Introducing Deep-Littré

Introduction

The four quarto volumes and supplement of Émile Littré's Dictionnaire de la langue française, published between 1862 and 1877, come to over 11 million words in total. That's longer than all the hundred novels of the ELTeC-Fra corpus combined.

Thankfully we have digital versions. François Gannaz's XMLittré project provides both a plain-text and an XML digitization of the full dictionary. In the XML edition, the internal structure of entries is represented by roughly 87,000 sub-entry blocks encoded as "<indent>" elements.

But the variety and structure of Littré's actual text are not fully captured by this flat, undifferentiated indent structure. Specifically, a typical entry in Littré contains a hierarchy of several kinds of information: numbered senses (the core definitions), figurative extensions, domain labels, register labels, locutions, literary citations, etymologies, and historical notes.

While XMLittré preserves the text, it does not distinguish the different structural roles those elements play within an entry.

This is not a criticism of Gannaz’s work. Converting Littré into XML was a major undertaking that reportedly required hundreds or even thousands of hours. My own work, still in progress, has been a similarly meticulous task that builds directly on that effort.

My project introduced here, Deep-Littré, is an ongoing attempt to recover the internal structure of Littré’s entries and represent it explicitly. The goal is to make the dictionary easier to analyze computationally and more navigable for readers.

An small example entry: TRONQUER

A walkthrough of the TEI format

The full TRONQUER entry is available here if you want to see it all at once. I'll walk through it piece by piece below.

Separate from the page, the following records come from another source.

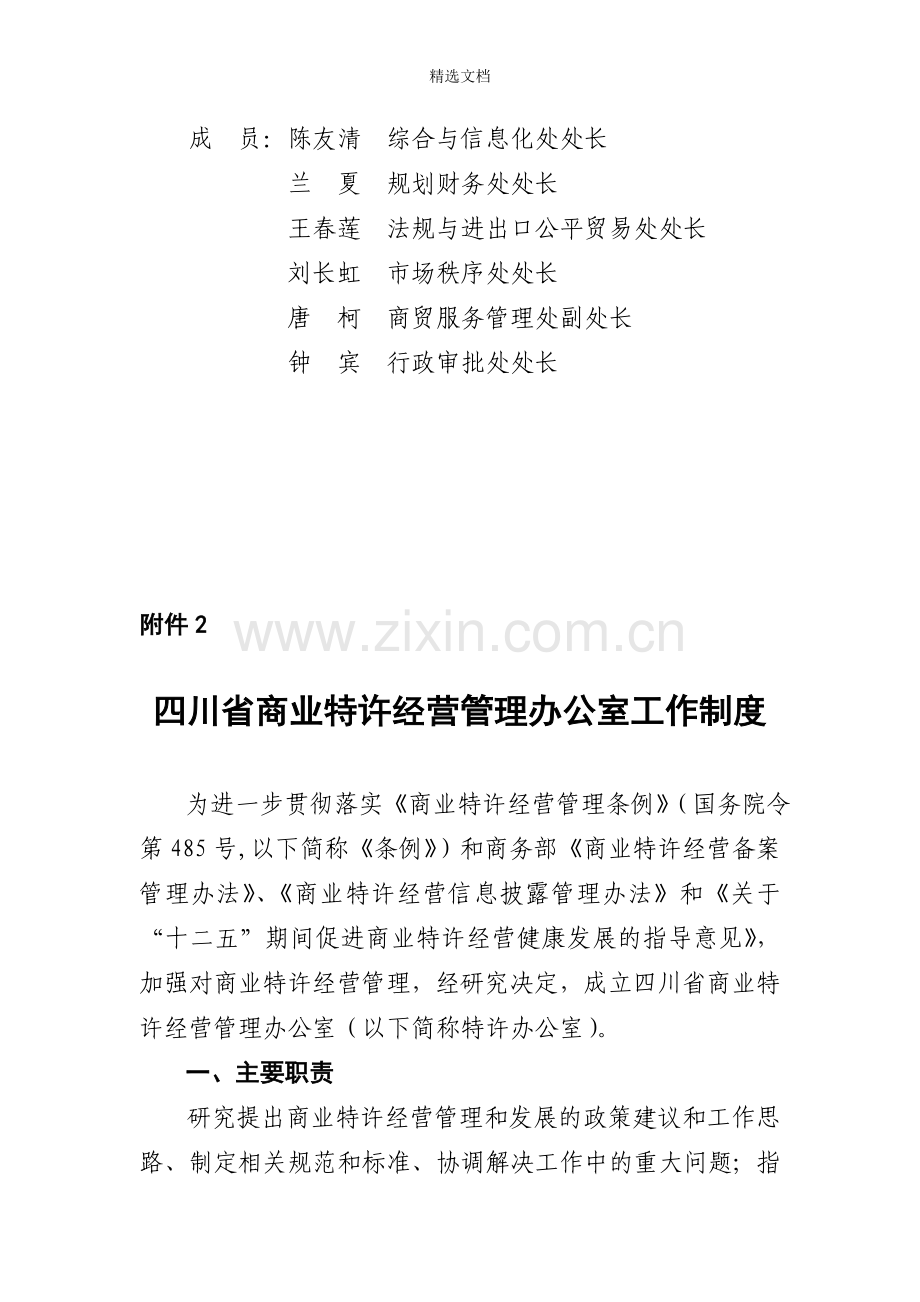 四川省商务厅成立商业特许经营管理办公室.doc_第2页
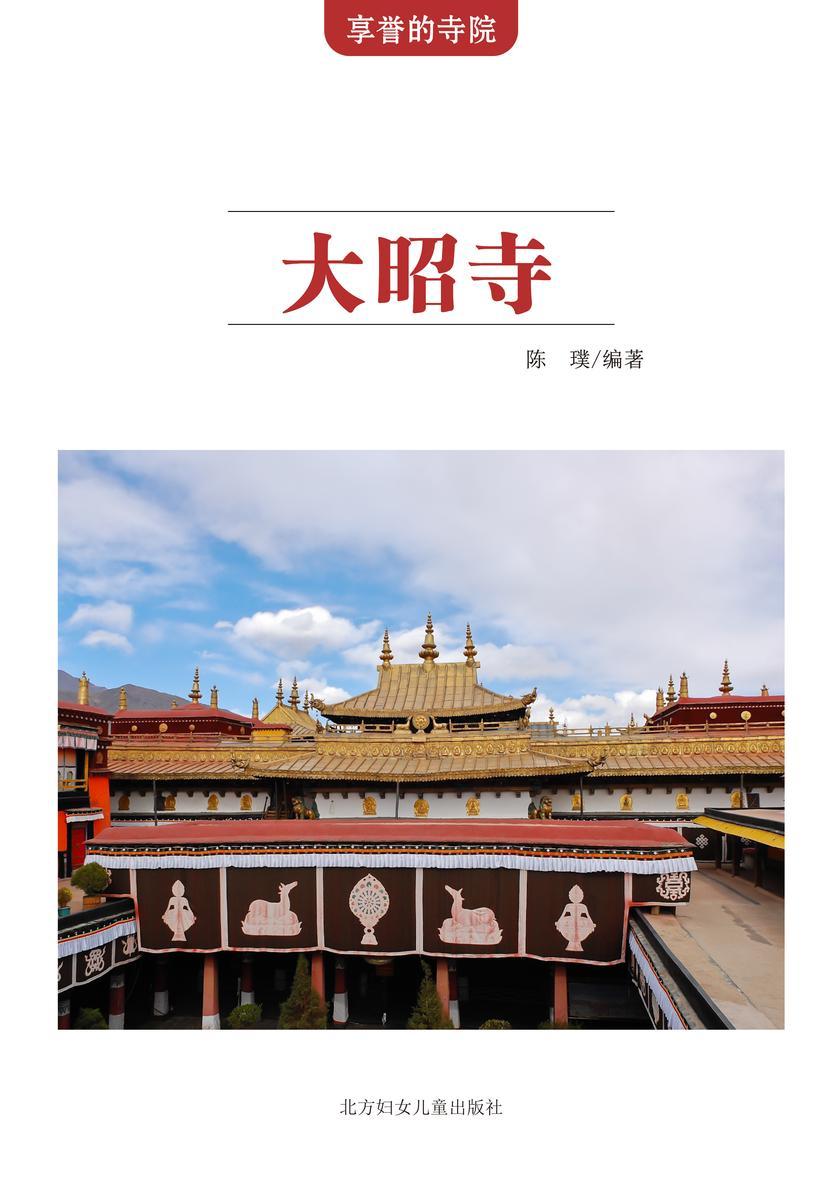 大昭寺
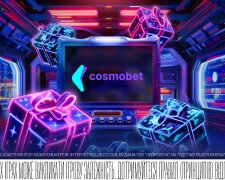 Онлайн казино Cosmobet — новый игрок гемблинг рынке Украины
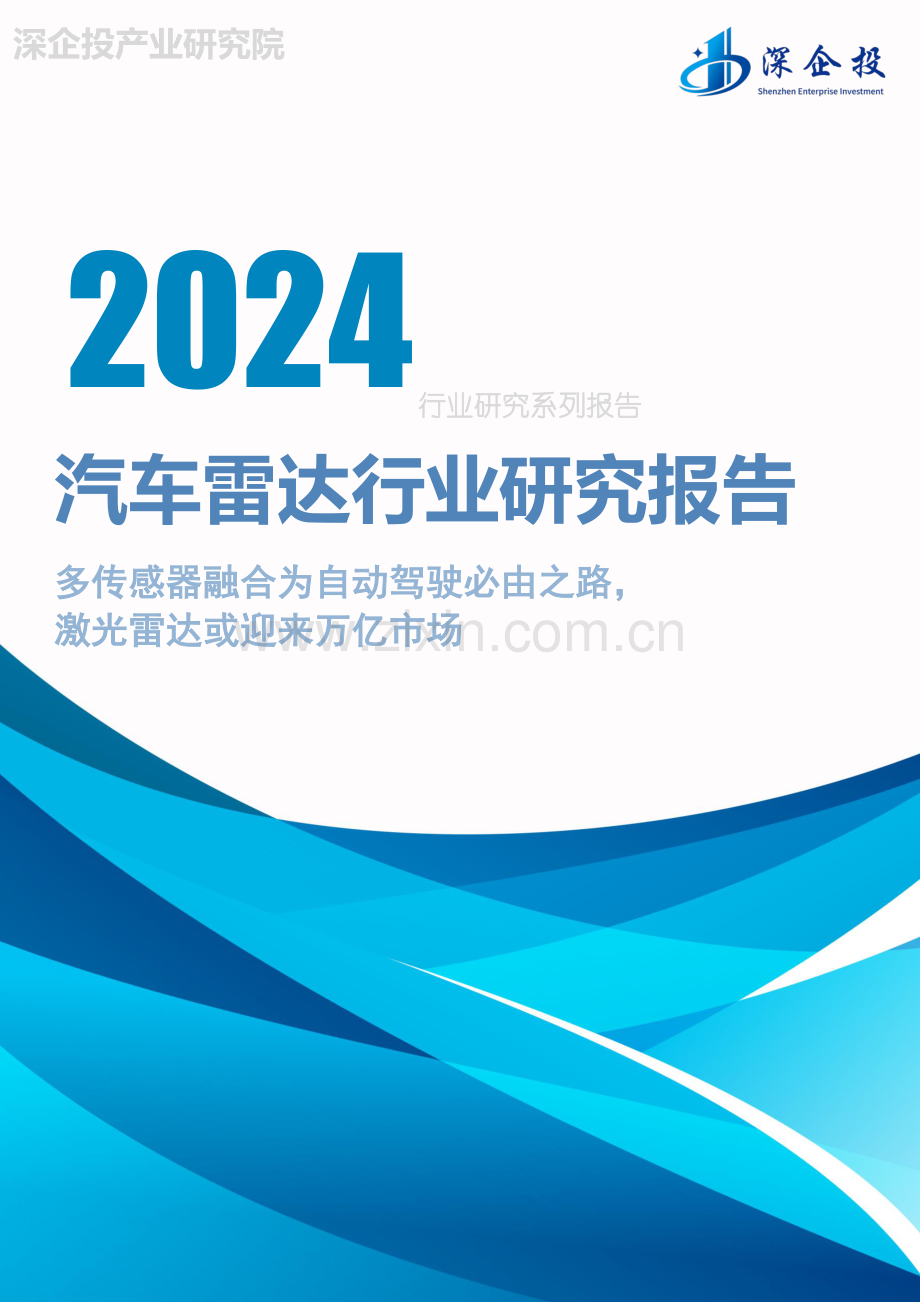 2024汽车雷达行业研究报告：多传感器融合为自动驾驶必由之路激光雷达或迎来万亿市场.pdf_第1页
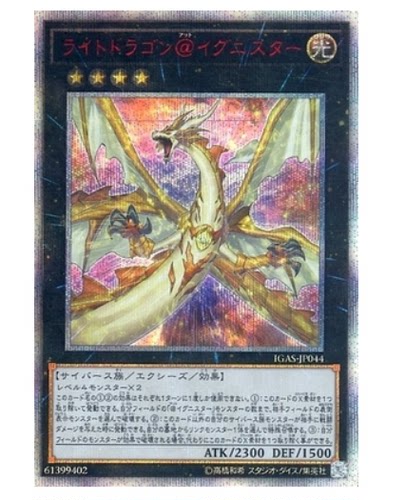 【重庆超牌】游戏王 1011 UR/UTR/SER/HR/20SER 光龙王@火灵天星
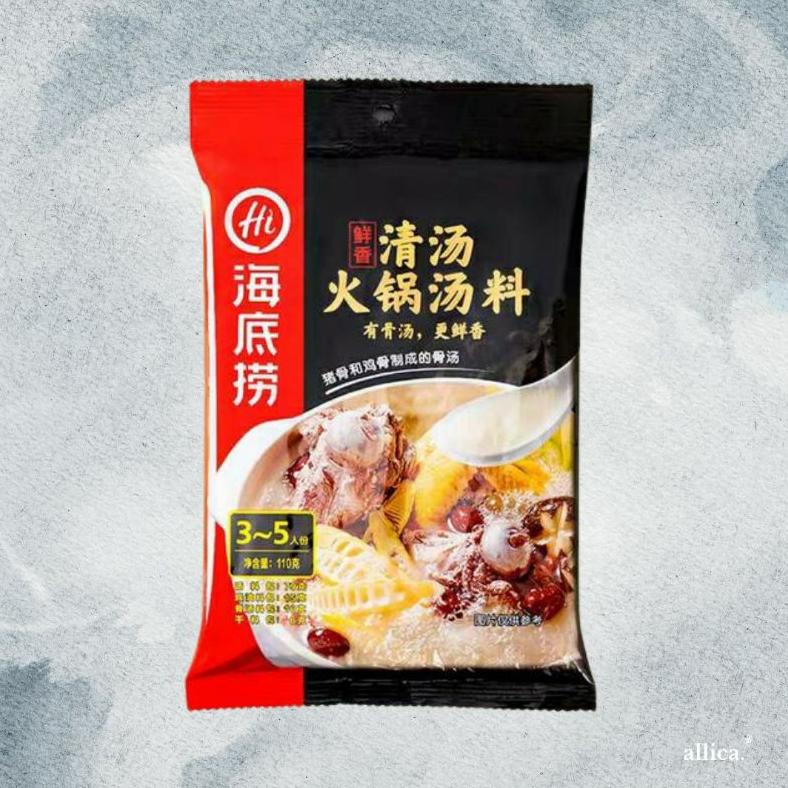 

[BAYAR DITEMPAT] Haidilao Qing Tang Hotpot Base (Pork Bone Soup)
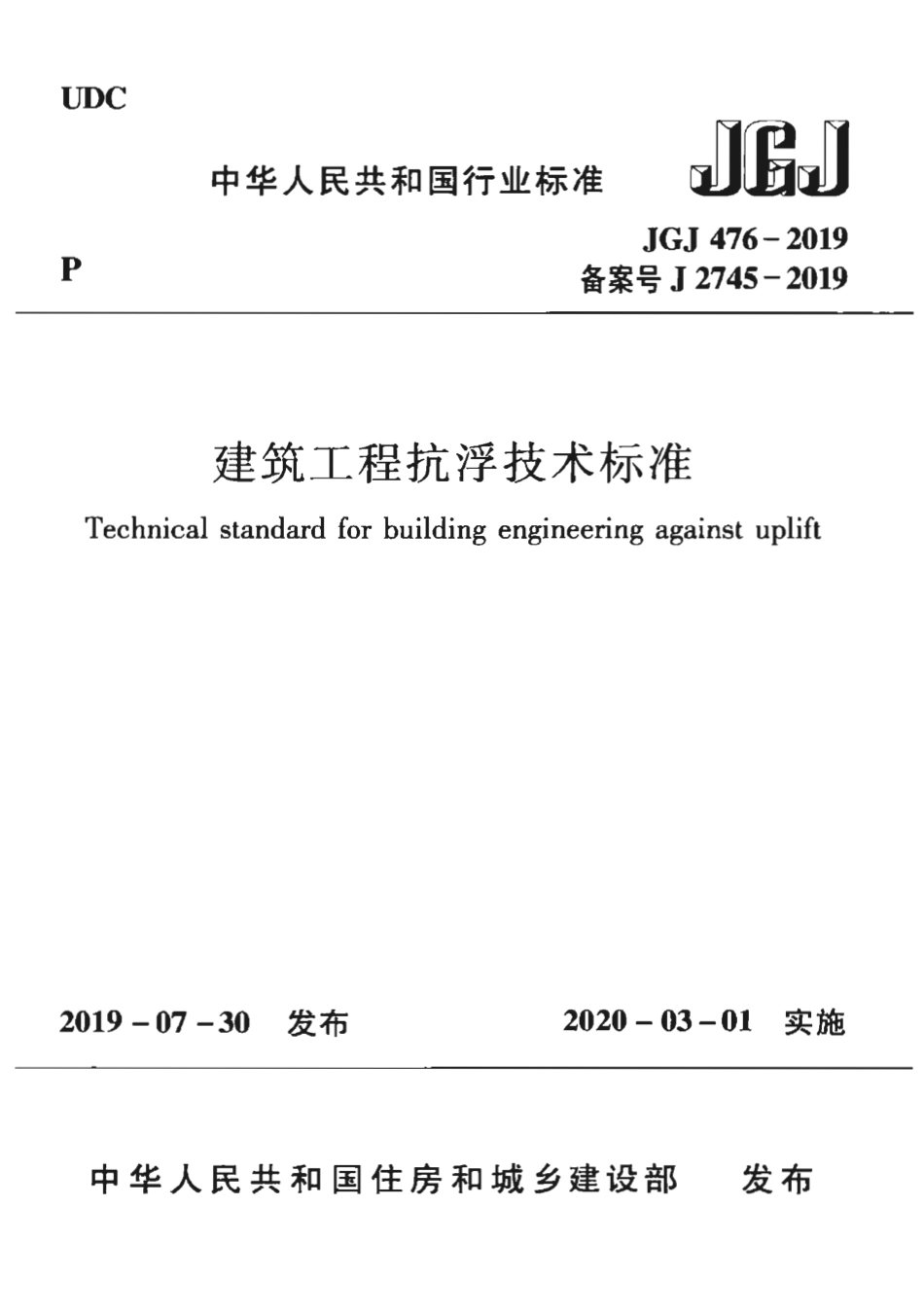 JGJ 476-2019 建筑工程抗浮技术标准.pdf_第1页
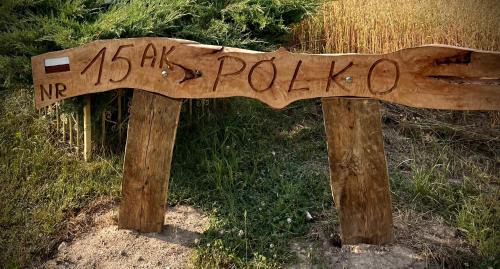 Biala Podlaska House | Agroturystyka AKPólko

Headword and part of speech

Every entry begins with the lemma, its pronunciation, and its grammatical category:

<entry xml:id="tronquer">
  <form type="lemma">
    <orth>TRONQUER</orth>
    <pron>tron-ké</pron>
  </form>
  <gramGrp><gram type="pos">v. a.</gram></gramGrp>

The xml:id is an ASCII-normalized key derived from the headword, useful for cross-references and as a stable identifier in the database. "v. a." is Littré's abbreviation for verbe actif (basically, a transitive verb).

Numbered senses

The definitions, ordered from concrete to abstract:

<sense xml:id="tronquer_s1" n="1">
  <def>Retrancher, couper.</def>
</sense>
<sense xml:id="tronquer_s2" n="2">
  <def>Scier sur le tour.</def>
</sense>
<sense xml:id="tronquer_s3" n="3">
  <usg type="sem">fig.</usg>
  <def>
    En parlant des ouvrages d'esprit et en mauvaise part, 
    y retrancher quelque chose d'essentiel.
  </def>
  [… citations omitted for brevity …]
</sense>

Each sense carries an xml:id and a number. The xml:id follows a hierarchical scheme: tronquer_s1 for the first sense, tronquer_s1.1 for its first sub-entry, and so on. (The sub-entries are not shown here.)

Literary citations

Most senses include one or more citations drawn from literature:

<cit type="example">
  <quote>
    Il ôte de chez lui les branches les plus belles,
    Il tronque son verger contre toute raison
  </quote>
  <bibl>
    <author>LA FONT.</author>
    <biblScope>Fabl. XII, 20</biblScope>
  </bibl>
</cit>

The <author> field preserves Littré's abbreviated forms: here, "LA FONT." for La Fontaine.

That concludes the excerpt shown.